- [Work item]:
Begin at the line containing "Keonjinn LED Bathroom" in the entries below and end at the line containing "Loewe Vestido midi de algodón y seda floral"; transcribe that range exactly and nothing outside it.

- [Data for review]:
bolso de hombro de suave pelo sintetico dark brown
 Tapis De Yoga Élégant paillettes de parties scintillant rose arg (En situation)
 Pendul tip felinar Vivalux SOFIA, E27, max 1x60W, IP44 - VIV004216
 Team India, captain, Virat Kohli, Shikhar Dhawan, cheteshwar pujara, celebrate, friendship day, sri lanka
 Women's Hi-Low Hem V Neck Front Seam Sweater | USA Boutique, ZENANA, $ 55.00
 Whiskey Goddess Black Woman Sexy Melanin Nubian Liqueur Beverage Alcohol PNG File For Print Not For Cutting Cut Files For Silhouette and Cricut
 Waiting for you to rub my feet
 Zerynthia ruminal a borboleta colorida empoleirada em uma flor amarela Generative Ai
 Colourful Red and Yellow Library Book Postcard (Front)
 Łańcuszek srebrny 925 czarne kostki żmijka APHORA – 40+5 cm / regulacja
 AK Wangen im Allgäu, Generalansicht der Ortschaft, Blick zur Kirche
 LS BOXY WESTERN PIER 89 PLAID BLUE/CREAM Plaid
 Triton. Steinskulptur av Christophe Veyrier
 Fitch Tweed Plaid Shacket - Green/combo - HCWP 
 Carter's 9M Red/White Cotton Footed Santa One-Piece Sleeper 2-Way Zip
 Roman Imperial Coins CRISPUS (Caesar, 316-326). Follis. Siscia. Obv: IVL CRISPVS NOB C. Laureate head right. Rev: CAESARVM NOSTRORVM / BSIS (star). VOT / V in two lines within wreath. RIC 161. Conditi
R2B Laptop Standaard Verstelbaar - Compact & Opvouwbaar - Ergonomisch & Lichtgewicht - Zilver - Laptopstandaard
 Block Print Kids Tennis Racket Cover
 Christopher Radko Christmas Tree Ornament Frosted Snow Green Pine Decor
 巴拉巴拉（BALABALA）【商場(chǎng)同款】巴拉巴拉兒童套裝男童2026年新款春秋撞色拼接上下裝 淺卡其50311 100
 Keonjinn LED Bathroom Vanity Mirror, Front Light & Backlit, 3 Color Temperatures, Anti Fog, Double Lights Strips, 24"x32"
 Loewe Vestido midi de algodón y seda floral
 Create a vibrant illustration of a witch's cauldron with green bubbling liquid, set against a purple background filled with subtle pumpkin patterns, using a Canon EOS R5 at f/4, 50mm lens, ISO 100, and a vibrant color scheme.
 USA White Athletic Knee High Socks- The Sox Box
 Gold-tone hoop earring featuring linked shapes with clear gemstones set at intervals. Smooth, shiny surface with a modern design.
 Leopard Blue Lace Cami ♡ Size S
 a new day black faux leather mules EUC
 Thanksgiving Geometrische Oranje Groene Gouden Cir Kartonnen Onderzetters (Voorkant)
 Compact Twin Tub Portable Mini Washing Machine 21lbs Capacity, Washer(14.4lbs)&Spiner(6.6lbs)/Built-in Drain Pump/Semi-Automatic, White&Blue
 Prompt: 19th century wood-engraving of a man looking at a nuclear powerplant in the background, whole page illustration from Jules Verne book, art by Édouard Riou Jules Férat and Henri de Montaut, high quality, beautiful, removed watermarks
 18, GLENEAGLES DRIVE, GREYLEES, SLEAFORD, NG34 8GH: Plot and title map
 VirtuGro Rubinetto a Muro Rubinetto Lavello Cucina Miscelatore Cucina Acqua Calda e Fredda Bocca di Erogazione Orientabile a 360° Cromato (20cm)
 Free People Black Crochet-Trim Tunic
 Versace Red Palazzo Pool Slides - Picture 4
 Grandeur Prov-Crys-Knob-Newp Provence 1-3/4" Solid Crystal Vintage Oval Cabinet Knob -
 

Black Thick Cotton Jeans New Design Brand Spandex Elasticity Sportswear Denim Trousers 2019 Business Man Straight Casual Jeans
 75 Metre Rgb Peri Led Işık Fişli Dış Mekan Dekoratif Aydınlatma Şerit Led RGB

- [Task result]:
 Keonjinn LED Bathroom Vanity Mirror, Front Light & Backlit, 3 Color Temperatures, Anti Fog, Double Lights Strips, 24"x32"
 Loewe Vestido midi de algodón y seda floral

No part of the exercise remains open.